Building a Phone-Powered Photo Booth with Nexmo’s Voice and SMS APIs

Published September 01, 2015 by Tim Lytle

I’m always looking for something interesting to build at developer events. Earlier this year at php[tek], I decided to create a phone-powered photobooth.

Turning a user’s phone into the interface for this photobooth meant I could skip all the physical user interface you’d find in a traditional photo booth. No need for buttons to start the photo taking process, and no need to print the photos; my goal was to deliver the images straight to the user’s phone.

But that introduces its own set of interesting constraints.

Setting the Stage

At a hackathon a few years ago, my team had built a similar photobooth concept, and used a simple, mobile-friendly website to start the photobooth and deliver the photos. But each photo ‘session’ needed to be tied to a unique URL, and getting the user to that URL proved to be very difficult.

QR codes may be a great solution, but in practice the 5 minutes it took people to find that QR code app they installed years ago, remember how to use it, and then finally scan the code was quite an inefficient process.

Relying on a mobile browser and a data connection was also an issue.
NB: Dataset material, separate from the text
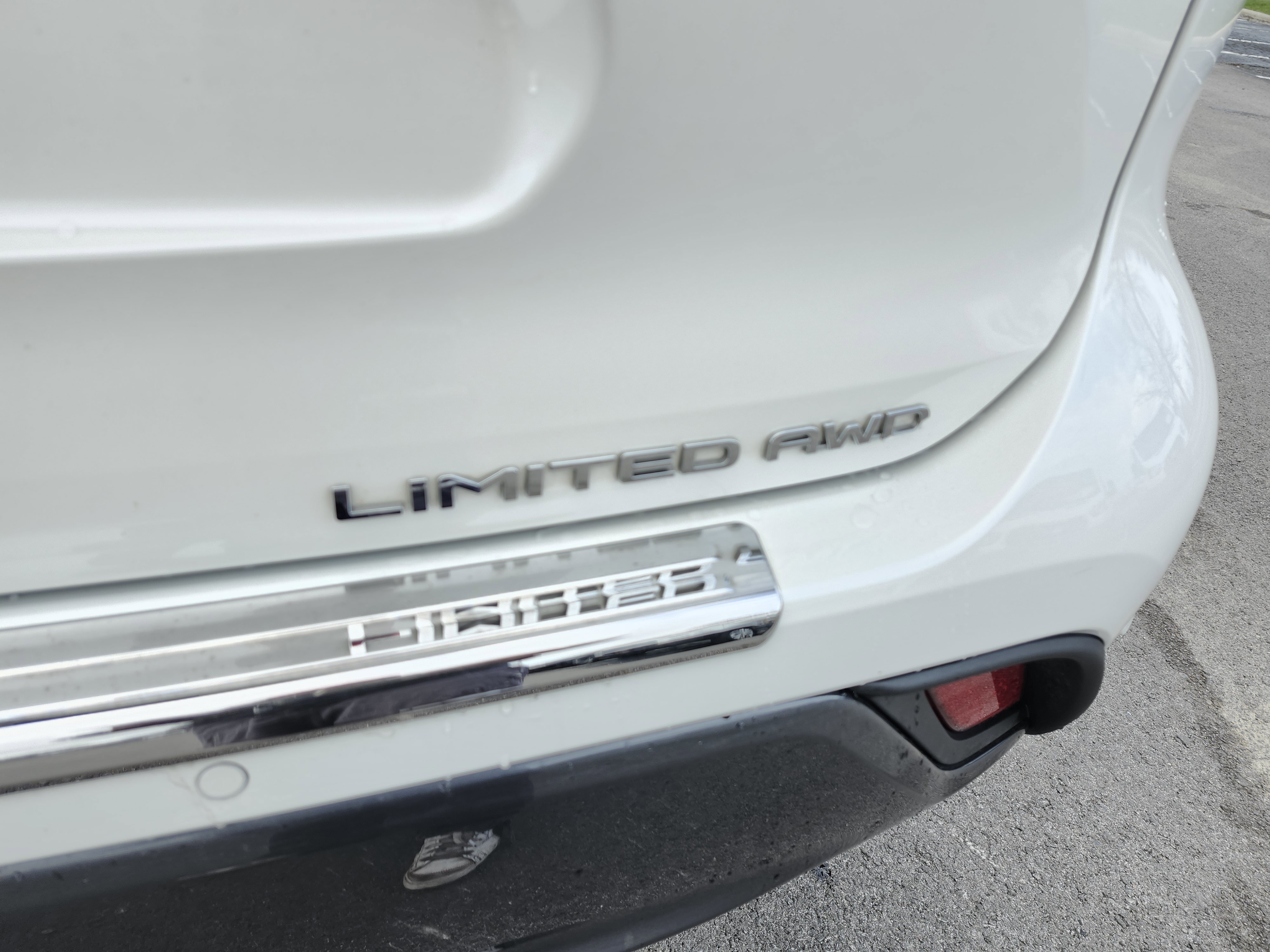 Used 2021 Toyota Highlander Limited image 28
A solid connection was needed to control the booth, and that could be problematic over conference WiFi or a data connection deep inside a venue.
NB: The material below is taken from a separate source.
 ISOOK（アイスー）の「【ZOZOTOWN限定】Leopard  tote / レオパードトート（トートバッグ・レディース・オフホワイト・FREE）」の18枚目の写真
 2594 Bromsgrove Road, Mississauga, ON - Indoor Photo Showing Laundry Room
So when I decided to build this for php[tek], I needed a ubiquitous way give the user control of the photobooth and provide access to the photos once they were taken. I also needed to consider where this all would reside on the internet. I wanted the photos to be archived someplace that wouldn’t change, long after I took the application down.

Finally there was the actual taking of the photos. I needed a camera I could control remotely. Fortunately I had one, a GoPro. I just needed to reverse engineer how the GoPro app comminuted with the camera, and luckily, someone else had already done that for me.

The Building Blocks

To solve the issue of connecting the user to the photobooth, I immediately thought of Nexmo’s Voice and SMS APIs. To facilitate the real-time communication between various systems, I enlisted the support of PubNub. And to solve the tricky situation of making sure the photos stayed online and accessible with as little effort as possible, I used the favorite content host of developers everywhere, Github.
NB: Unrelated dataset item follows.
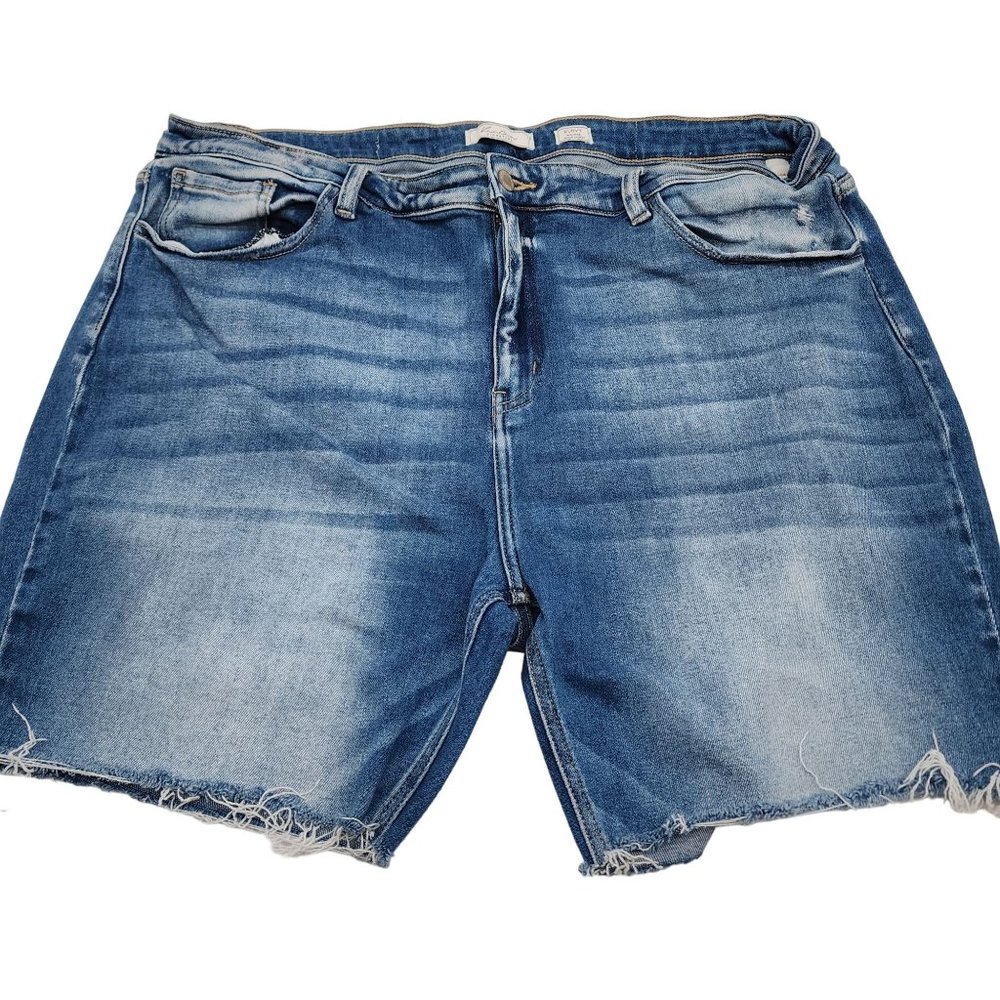 Kan Can Curvy mid rise Cut off Jean shorts Womens size 22 (36)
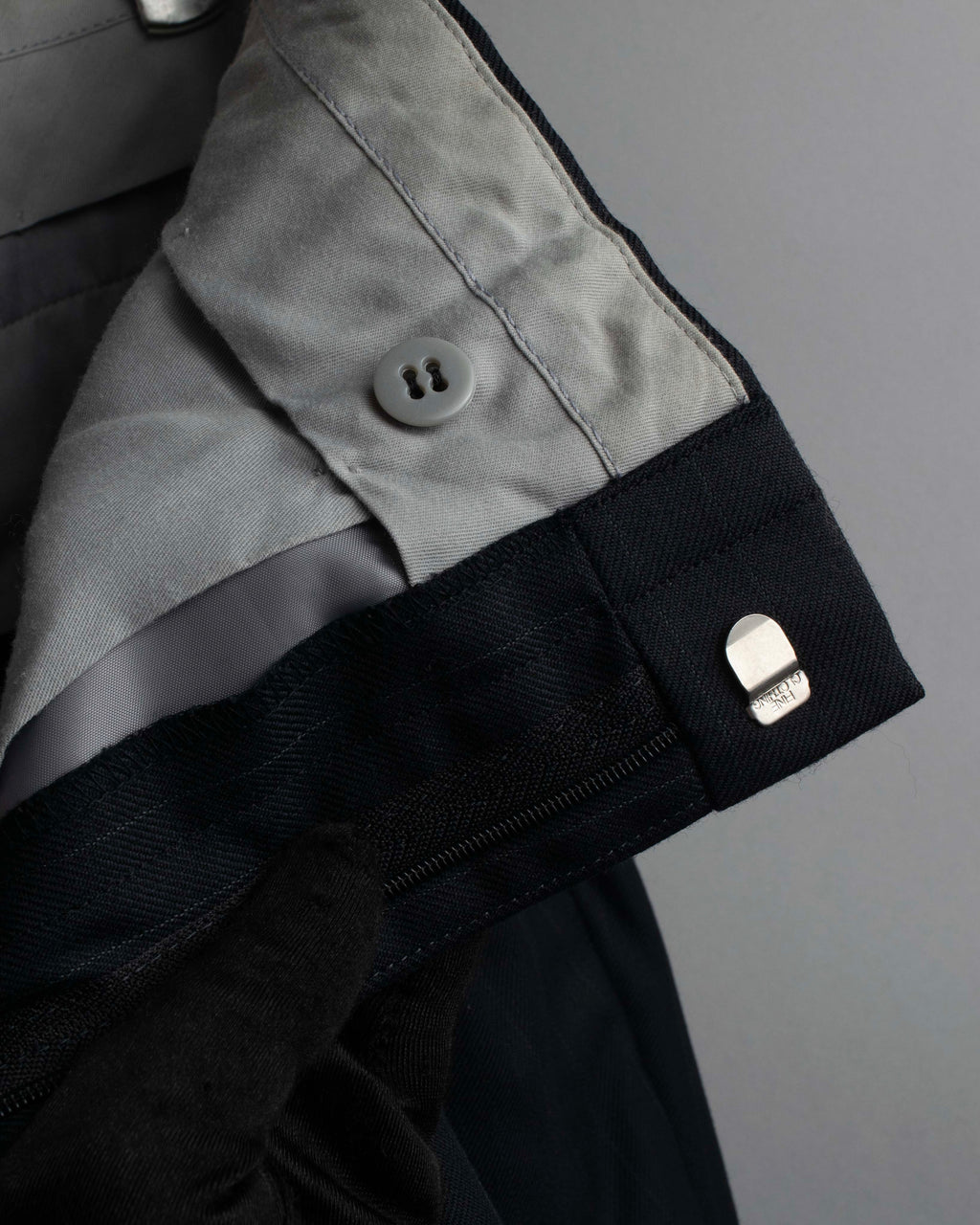 "YVES SAINT LAURENT" 00's shadow stripe pattern beautiful tailoring set up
To connect the user to the photobooth, let them know what to do (‘make a funny face’), and let them know their session was over, I built a really simple IVR using PHP and Nexmo’s Voice API. I set all this up in the Nexmo dashboard, purchasing a phone number and then pointing that number to the URL of my application. When a user dialed the photo booth’s number, Nexmo would make a request to my PHP application.

That request included a few parameters like the user’s phone number (their caller ID) and the Nexmo call ID (a unique identifier for that specific call). Since Nexmo’s Voice API acts like a browser, I stored those for later in the simplest way possible, right in the $_SESSION variable.

session_start()

$_SESSION[‘number’] = $_GET[‘nexmo_caller_id’];

$_SESSION[‘callid’] = $_GET[‘nexmo_call_id’];

With the important data stored, the application then rendered a VoiceXML document from a simple template. Nexmo’s Voice API uses VXML to define the interaction between the user on the phone and the voice application. If you want to know more about VXML, check out this post on about how it all works, or take a look at our VXML Quickstarts.

For any inbound call to the photobooth, Nexmo would fetch the VXML from my PHP application. In this case, the VXML document was just a series of prompts for the user, that looked like this:

<prompt>

   Hello. This is the Nex mo photo booth. If you can, put me on speaker.

   Then press one when you’re ready to have your photo taken.

</prompt>

Once we got started taking photos, things got interesting. I wanted the IVR to coordinate with the photobooth process, prompting users to smile or make faces, letting them know the last photo was taken, making sure they didn’t leave the booth early.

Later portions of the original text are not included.